If you become ill with norovirus, it’s important to drink plenty of fluids to help stay hydrated. Be sure to get plenty of rest and eat soft, bland foods, taking small bites.

Prevention tips

Although norovirus is very contagious, you can take steps to help prevent its spread:

  • Regularly wash hands thoroughly with soap and water for at least 20 seconds (hand sanitizer does not work well against norovirus).
  • Wipe down objects and surfaces with a bleach-based cleanser and leave the bleach disinfectant on the affected area for at least 5 minutes.
  • Wear gloves when cleaning potentially contaminated objects and surfaces.
  • If caring for a sick loved one, wash hands often including before eating, preparing and handling foods.
  • Always wash fruits and vegetables before preparing and eating.
  • Cook oysters and shellfish, which are common causes of norovirus outbreaks, thoroughly to an internal temperature of at least 145 degrees.
  • Wash contaminated clothes soiled with vomit or feces immediately.

When to see a doctor

If you’re unable to keep food or drink down for longer than two days, you may be at risk for dehydration and should see a doctor.

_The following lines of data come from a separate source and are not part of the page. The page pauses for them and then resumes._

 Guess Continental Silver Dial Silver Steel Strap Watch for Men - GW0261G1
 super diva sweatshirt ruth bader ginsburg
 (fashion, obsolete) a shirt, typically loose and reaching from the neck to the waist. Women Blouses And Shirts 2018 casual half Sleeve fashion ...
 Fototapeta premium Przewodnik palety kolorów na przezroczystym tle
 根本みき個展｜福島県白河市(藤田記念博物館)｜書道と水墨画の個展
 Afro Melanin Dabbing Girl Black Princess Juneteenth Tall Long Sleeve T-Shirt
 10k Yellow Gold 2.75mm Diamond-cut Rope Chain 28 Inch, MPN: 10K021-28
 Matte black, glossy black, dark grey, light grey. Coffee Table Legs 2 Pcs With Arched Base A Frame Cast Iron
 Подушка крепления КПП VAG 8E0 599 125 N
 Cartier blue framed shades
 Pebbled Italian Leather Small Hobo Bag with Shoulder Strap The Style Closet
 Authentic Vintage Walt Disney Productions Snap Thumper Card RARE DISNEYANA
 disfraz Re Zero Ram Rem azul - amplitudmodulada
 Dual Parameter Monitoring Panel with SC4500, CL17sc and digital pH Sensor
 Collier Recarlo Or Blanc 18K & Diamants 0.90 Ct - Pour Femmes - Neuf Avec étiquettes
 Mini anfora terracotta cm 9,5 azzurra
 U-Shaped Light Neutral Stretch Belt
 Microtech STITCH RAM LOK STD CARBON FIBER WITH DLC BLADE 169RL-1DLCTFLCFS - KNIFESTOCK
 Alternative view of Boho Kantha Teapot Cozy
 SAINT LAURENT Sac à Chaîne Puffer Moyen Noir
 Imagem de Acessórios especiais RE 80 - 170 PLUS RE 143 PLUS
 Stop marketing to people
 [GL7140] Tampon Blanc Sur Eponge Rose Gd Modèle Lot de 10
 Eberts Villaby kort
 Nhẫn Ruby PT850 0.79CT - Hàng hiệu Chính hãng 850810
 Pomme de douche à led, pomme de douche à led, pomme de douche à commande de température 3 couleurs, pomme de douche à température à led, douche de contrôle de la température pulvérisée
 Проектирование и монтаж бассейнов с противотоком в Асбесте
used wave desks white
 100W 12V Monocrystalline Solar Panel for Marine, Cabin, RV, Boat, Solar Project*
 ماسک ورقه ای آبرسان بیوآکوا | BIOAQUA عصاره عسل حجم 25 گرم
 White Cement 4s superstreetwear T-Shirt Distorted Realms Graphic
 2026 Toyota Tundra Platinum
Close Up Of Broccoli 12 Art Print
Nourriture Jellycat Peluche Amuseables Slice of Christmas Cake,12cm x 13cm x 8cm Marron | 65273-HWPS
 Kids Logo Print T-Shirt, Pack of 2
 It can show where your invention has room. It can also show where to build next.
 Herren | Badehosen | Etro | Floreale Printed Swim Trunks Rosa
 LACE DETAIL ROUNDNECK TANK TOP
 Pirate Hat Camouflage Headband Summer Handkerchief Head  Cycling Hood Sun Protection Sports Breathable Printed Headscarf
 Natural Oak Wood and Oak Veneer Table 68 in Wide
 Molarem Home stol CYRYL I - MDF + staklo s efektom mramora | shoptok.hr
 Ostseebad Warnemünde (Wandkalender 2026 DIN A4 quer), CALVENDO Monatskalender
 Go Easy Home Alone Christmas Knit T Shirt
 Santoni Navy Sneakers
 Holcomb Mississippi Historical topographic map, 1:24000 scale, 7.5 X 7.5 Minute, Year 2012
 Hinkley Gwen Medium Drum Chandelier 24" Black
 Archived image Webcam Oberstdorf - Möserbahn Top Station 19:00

If you become severely dehydrated, your doctor can prescribe anti-nausea medication or order intravenous fluids to treat dehydration. In case of emergency, always call 911.
“The best protection is to wash your hands properly and thoroughly,” Dr. Klein says. “It’s hard to stress that enough – washing your hands can help protect you against norovirus and many other illnesses out there.”